The most popular search term was Google-owned video-sharing hotspot YouTube, where children go for snippets ranging from Japanese anime and silly viral videos to dance routines and help with math homework.

"Seeing YouTube on top is no surprise," said Symantec Internet Safety Advocate Marian Merritt.

"Kids use YouTube as a starting place for entertainment as well as for education purposes."

Something unexpected was the tendency of children to rely on search engines to find websites such as Google, Facebook, MySpace and Yahoo! in what could be a sign that they don't fully grasp the Internet address system.

Google and wildly popular social-networking service Facebook were the second and third top search terms respectively.

"Sex" came in fourth, just ahead of social-networking service MySpace and "porn," which was the sixth most common query.

"Any of us who have been teenagers are not surprised kids look for information about sex," Merritt said. "I think we have all gotten over our shock that the Internet has porn."

Symantec studied 3.5 million searches made by OnlineFamily.Norton service users worldwide between February and July of this year.

Late king of pop Michael Jackson was among the top ten search queries, along with online auction pioneer eBay and a fictional "Fred" character that is a children's favorite at YouTube.

A homemade "Swimming with Fred" video starring a pre-teen boy had logged more than 30.5 million views at YouTube as of Tuesday.

"I watch them; I don't get it," said Merritt, who has three teenagers of her own. "Perhaps that is one of the definitions separating parents from kids."

The online activity monitoring service does not secretly snoop; it announces its presence onscreen and dispatches animated dog characters to warn children when they are heading for territory set as off-limits by parents.

Merritt sees the service as helping parents stay in tune with children as their lives move increasing online.

She maintains that real-time online monitoring provides casual chances for parents and children to have "The Talk" about porn, sex, trusting strangers and other delicate topics.

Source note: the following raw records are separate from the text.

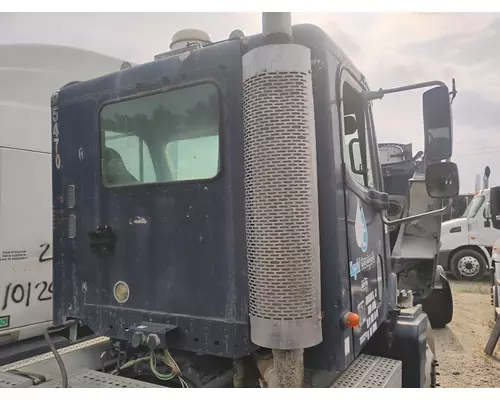 FREIGHTLINER COLUMBIA 120 Cab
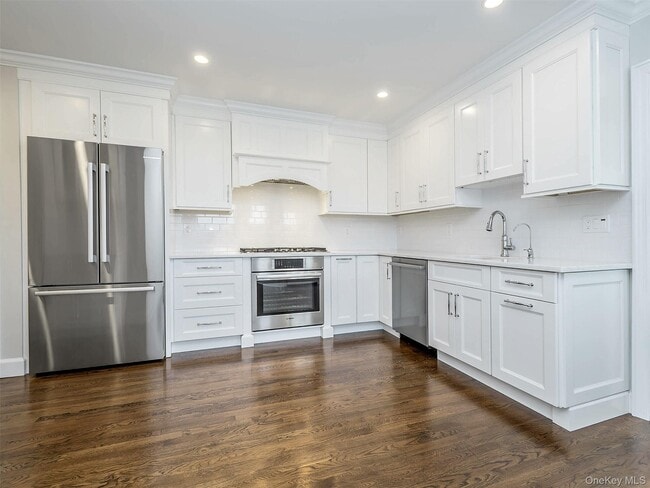 Building Photo - 14 St Pauls Pl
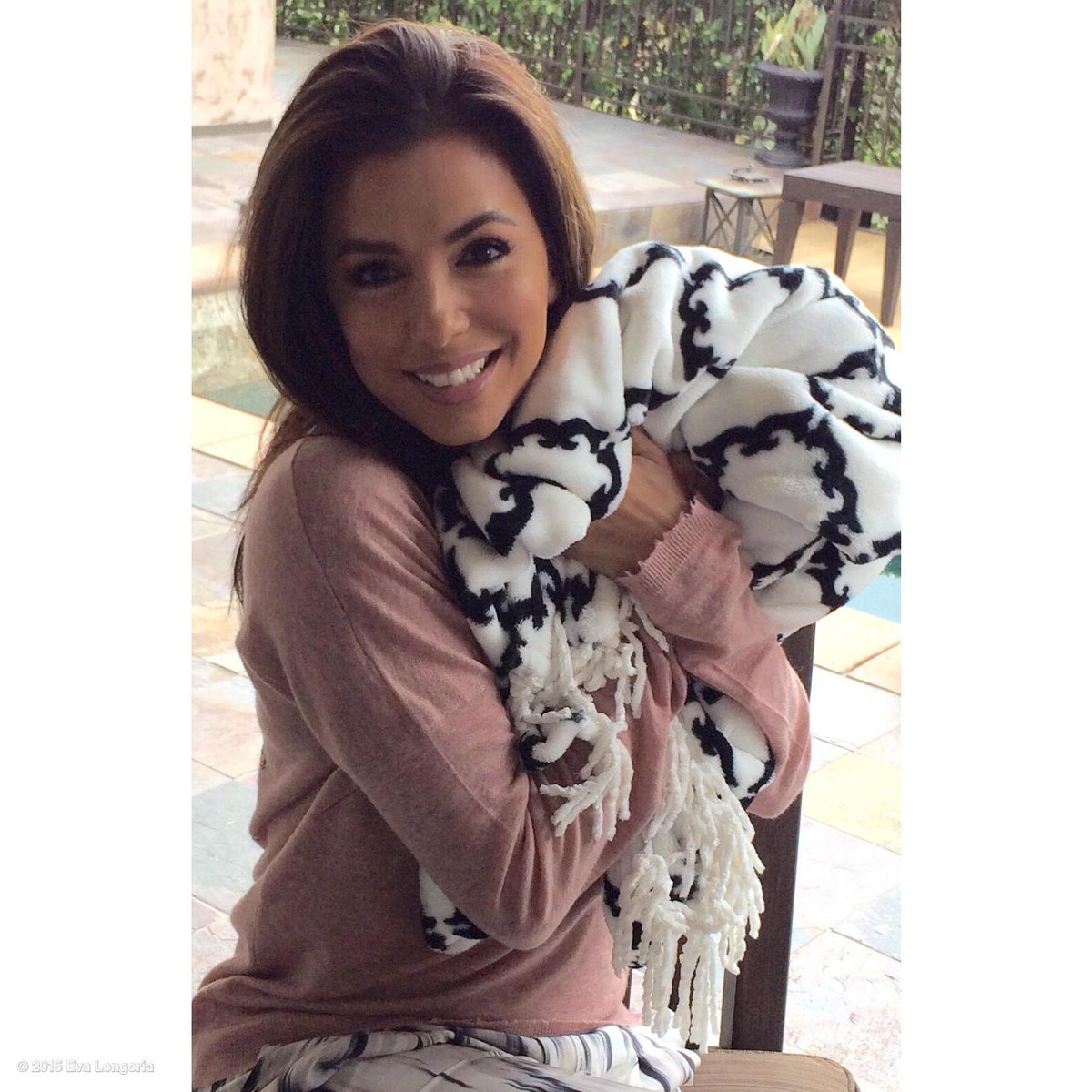 My new favorite throw! Sneak peak of my new throw collection in stores this fall @JCPenney! #supersoft http://t.co/a8aav7z67X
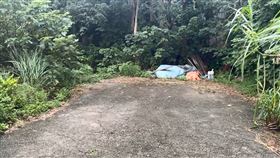 李明宗在平鎮金陵路三段附近的空地將女友勒斃。（圖／翻攝畫面）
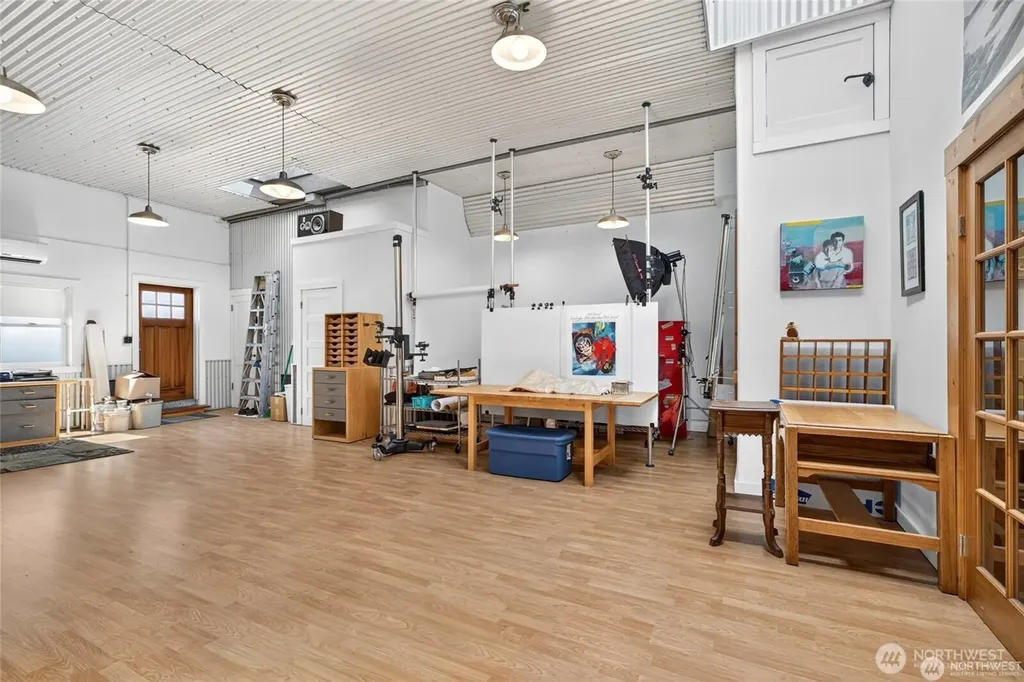112 1st Avenue S Ilwaco WA 98624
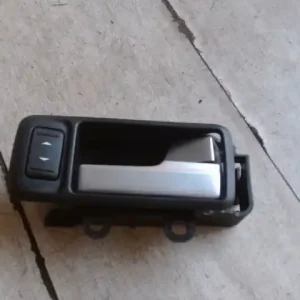 Bestseller FORD Focus 2007.09.01-2011.02.28 Jobb hátsó belső kilincs 4 ajtós bontott alkatrész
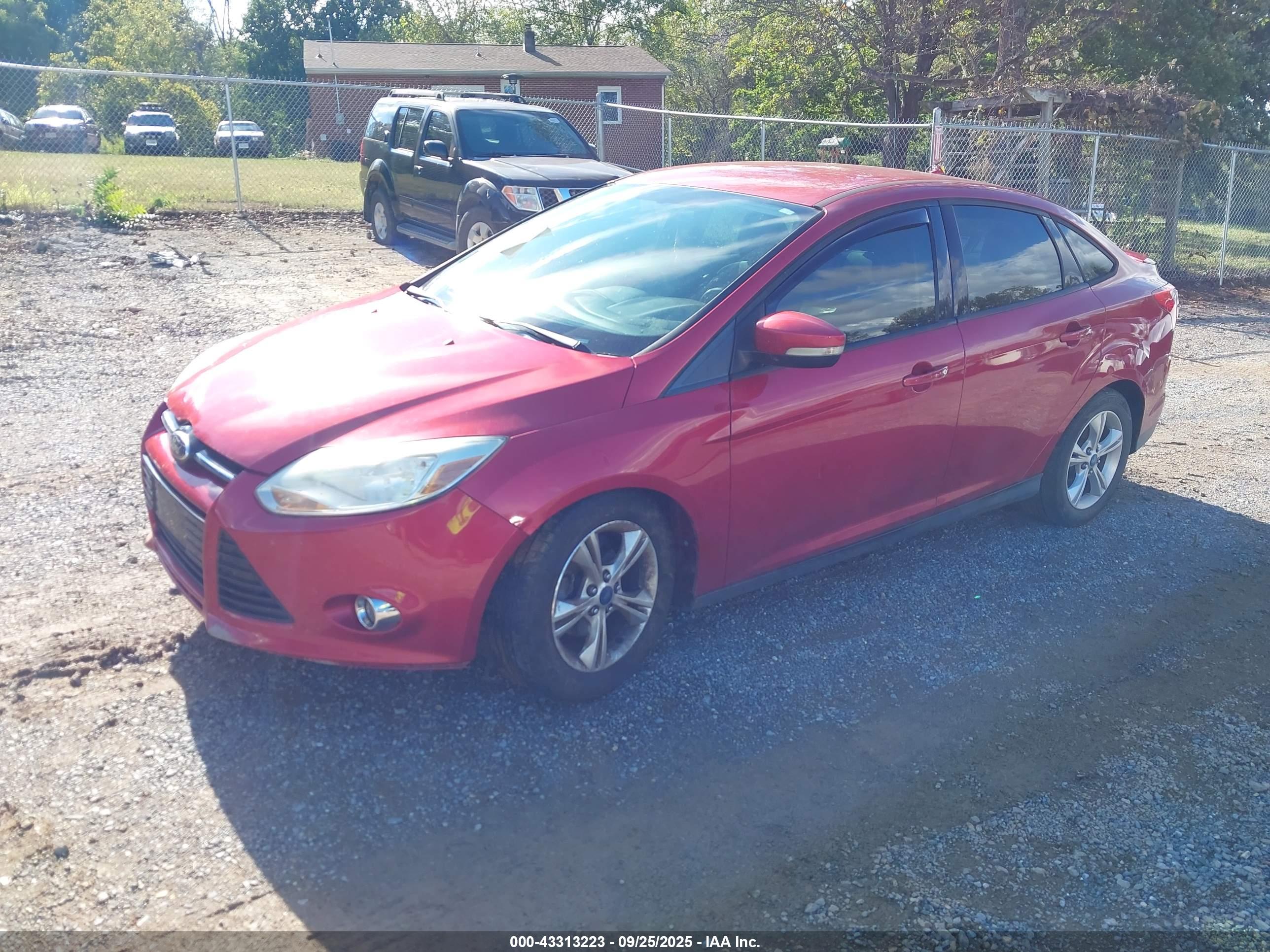FORD FOCUS image 2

"You can see what they are searching; who they are instant messaging with, and what social networks they are on," Merritt said of OnlineFamily.

Since its launch in April 2009, OnlineFamily.Norton has provided parents using the service with more than 90 million "teachable moments" with their kids, according to Symantec.

"We've found through the Norton Online Living Family Survey that both parents and kids want to speak with each other more frequently about their day-to-day lives, not just the big issues," Merritt said.

OnlineFamily.Norton service is offered as a service online and is available only in English.

It is being offered free through the remainder of the year and Symantec has yet to determine what it will charge for the service.